Leonardo da Vinci


Great Mind

In keeping up with my interest in Italian food and culture I decided to write this article about one of the greatest painters of the Italian Renaissance.  Leonardo di ser Piero da Vinci was born in Vinci, Florence on April 15, 1452 illegitimately to Ser Piero di Antonio da Vinci and a peasant woman named Caterina.

His body of work encompass paintings, sketches, sculptures and inventions that truly epitomizes the idealism of the Renaissance.  His  "Last Supper" (1495-97) and "Mona Lisa" (1503-06) were among the most influential paintings of their time. At the age of fifteen, Da Vinci began studying under the renown Florentine painter and sculptor Andrea del Verrocchio.  There he  developed his artistic ability and began incorporating his passion for science and anatomy into all of his works which differentiated him from other artists of his time.
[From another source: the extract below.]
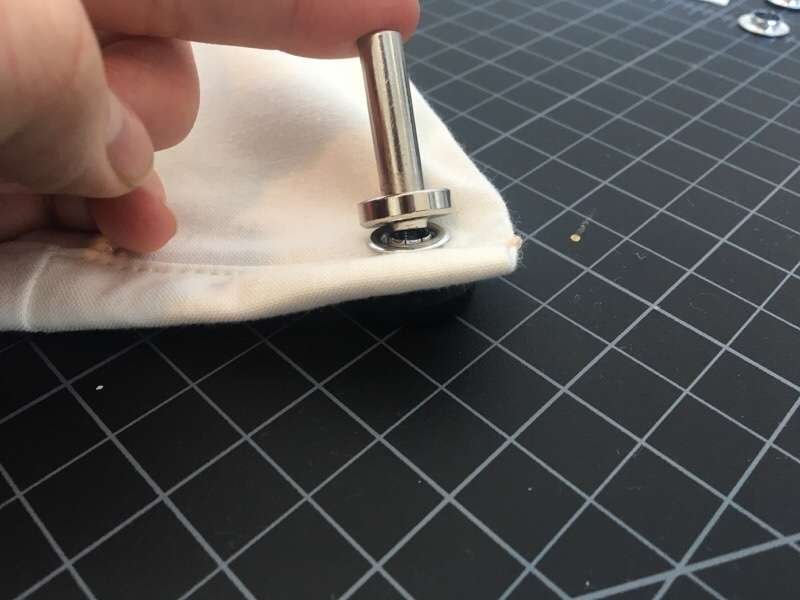 attaching metal grommets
As far as food is concerned, not much has been written on Da Vinci's eating habits, though some of his writings indicate he may have been a vegetarian.   There has always been discussions as to what was served at the Last Supper.  According to Da Vinci's "Last Supper",  there was plenty of bread, wine and fish and some say looks like  a plate full of eel with oranges.  This is  something Christ may not have eaten but it was a popular meal during the Renaissance period.

Many of us don't realize it, but due to Da Vinci's inventiveness, he has contributed a few things to cooking.  In the "Codex Leicester", which is one of Da Vinci's few remaining notebooks (owned by Microsoft's  Bill Gates), there are descriptions of a design for a meat roasting jack or in todays terms a rotisserie.  This is just one of many ideas he had that  have developed into modern day cooking techniques.

Leonardo Da Vinci died in the year 1518 under the care of the King of France, Francis I, who truly admired him.  He is remembered as one of the greatest men to ever walk the earth.  A true  Renaissance man who evokes pride and honor within all Italian communities.